# Comment mettre la page d'accueil Mac en français?



## Gwladys (17 Juillet 2009)

Ayuda, j'ai un MAC OS X version 10.5.7 et lorsque je lance SAFARI la page d'accueil est en anglais  et je voudrai la mettre en français.
Merci


----------



## Anonyme (17 Juillet 2009)

bonjour, 
il faut télécharger un patch français pour safari (Safari4FichiersLangue.zip par exemple)


----------



## alaincha (17 Juillet 2009)

Gwladys a dit:


> lorsque je lance SAFARI la page d'accueil est en anglais



Il me semblait que dans les préférences de Safari (onglet "Général") on pouvait choisir la page d'accueil souhaitée.

En anglais, en russe, en français, en croate, ou en verlan.

Ou pas de page d'accueil du tout.

Mais je n'ai sans doute pas compris la question.


----------



## lepetitpiero (17 Juillet 2009)

la page d'accueil tu mets ce que tu veux .. apple France... c'est ça que tu cherches je pense http://www.apple.com/fr/ puis tu vas dans les préférences de safari sous général  tu fais utiliser la page active


----------



## wath68 (17 Juillet 2009)

Dans les préférences de Safari, tu mets ce que tu veux en page d'accueil.
Par exemple : http://www.google.fr.

Après, si tu mets une adresse étrangère c'est normal que tu auras une langue différente du français.

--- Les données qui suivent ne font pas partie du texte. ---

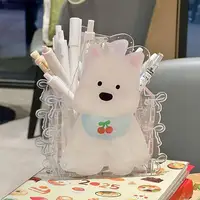 Acrylic Fish Cake Pen Holder Cute Dog Pen Holder Large-Capacity Desktop Stationery Pen Storage Box Home Office Supplies 6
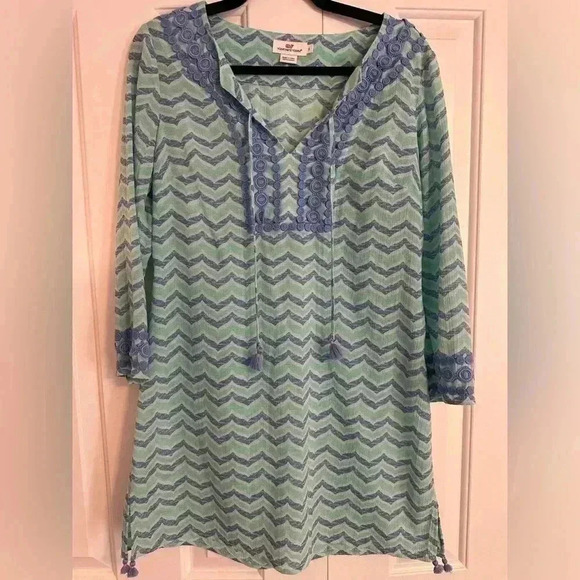 Vineyard Vines Whale Tail Chevron Print Tunic Cover Up Cotton Blue Size Small - Picture 1 of 13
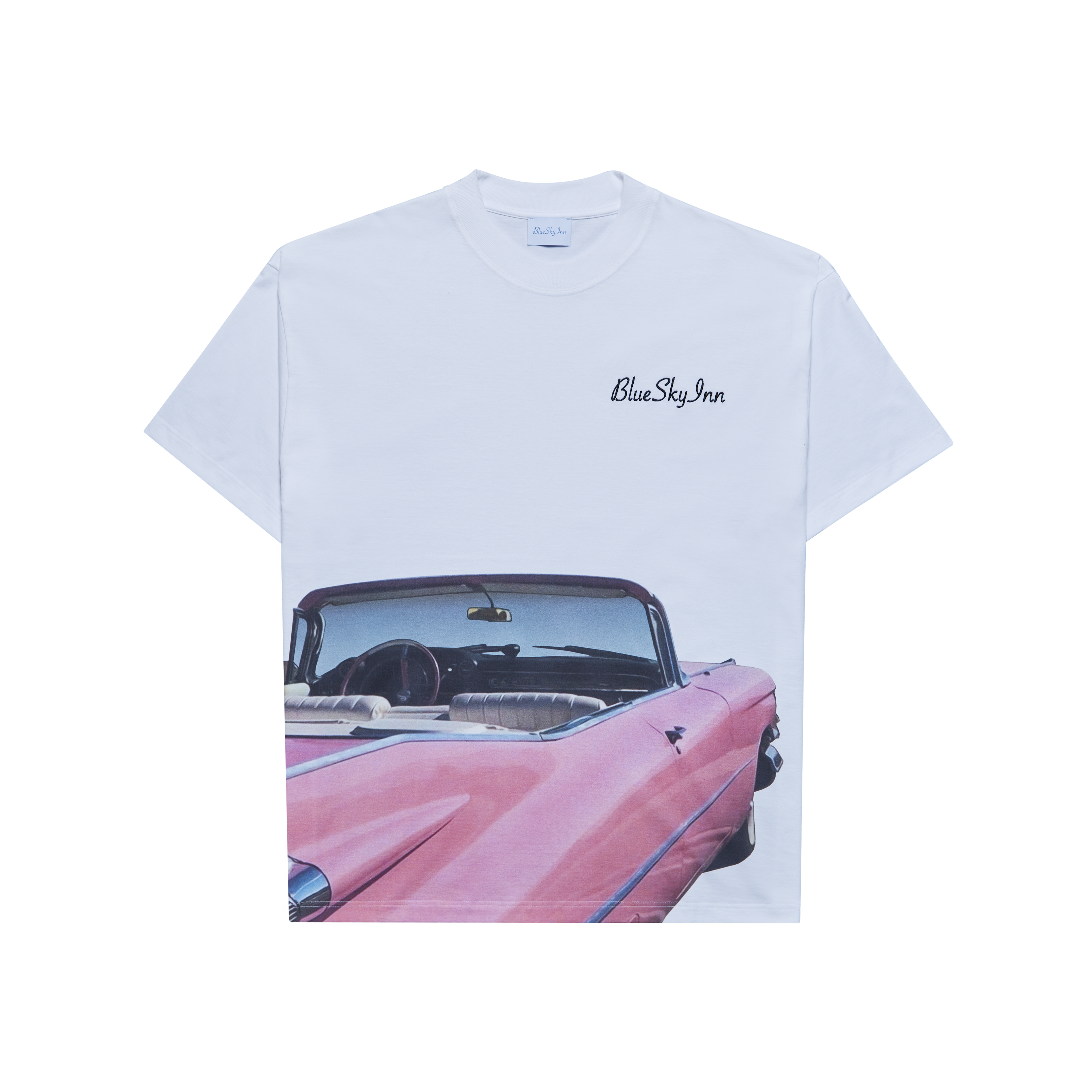 Camiseta con coche rosa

Ou alors pareil, je n'ai sans doute pas compris la question.

C'est cool, c'est comme le Jeopardy, on a les réponses, et faut deviner les questions


----------



## pascalformac (17 Juillet 2009)

il y a une ambiguité dans la formulation de la demande

 2 concepts differents
l'interface Safari ( menus intitules dans la barre etc)

et page d'accueil au sens strict ( page de site web, chargée à l'ouverture)
là on peut mettre absolument ce qu'on veut ( ou rien)


----------



## jolicrasseux (17 Juillet 2009)

Peut-être aussi la version utilisée n'est-elle pas la version 4 définitive...


----------



## alaincha (17 Juillet 2009)

pascalformac a dit:


> l'interface Safari ( menus intitules dans la barre etc)



Si le Finder est en français, les menus de Safari sont nécessairement également en français (sauf effectivement avec la version beta).

Mais il est question ici de la page d'accueil.

A moins que *Gwladys* se soit très mal exprimé.


----------



## lepetitpiero (17 Juillet 2009)

Attendons un retour de Gwladys avant de tirer des plans sur la comète...


----------